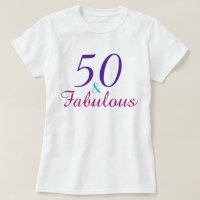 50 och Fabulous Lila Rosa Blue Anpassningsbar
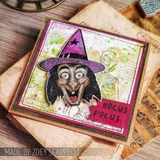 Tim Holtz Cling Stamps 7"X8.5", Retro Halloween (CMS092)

--

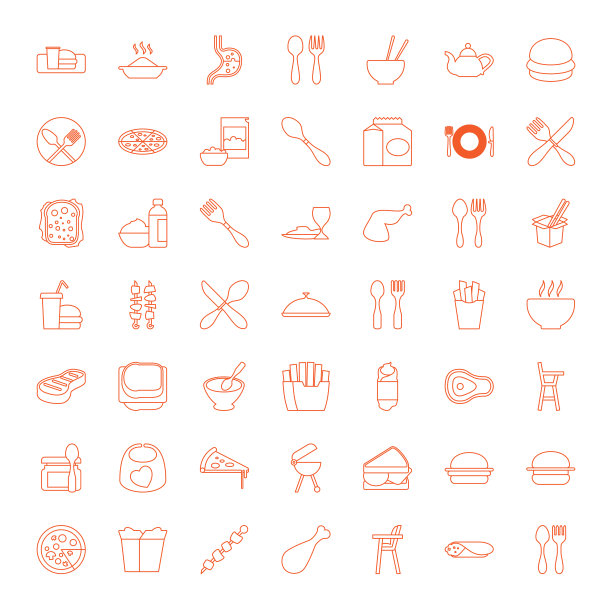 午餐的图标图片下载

- _Exercise directions_
Only one part of the listing is wanted: the lines from the one containing "50 och Fabulous" through the one containing "Tim Holtz Cling", both included. Please transcribe it exactly, leaving out the pictures.

- _Exercise output_
 50 och Fabulous Lila Rosa Blue Anpassningsbar
 Tim Holtz Cling Stamps 7"X8.5", Retro Halloween (CMS092)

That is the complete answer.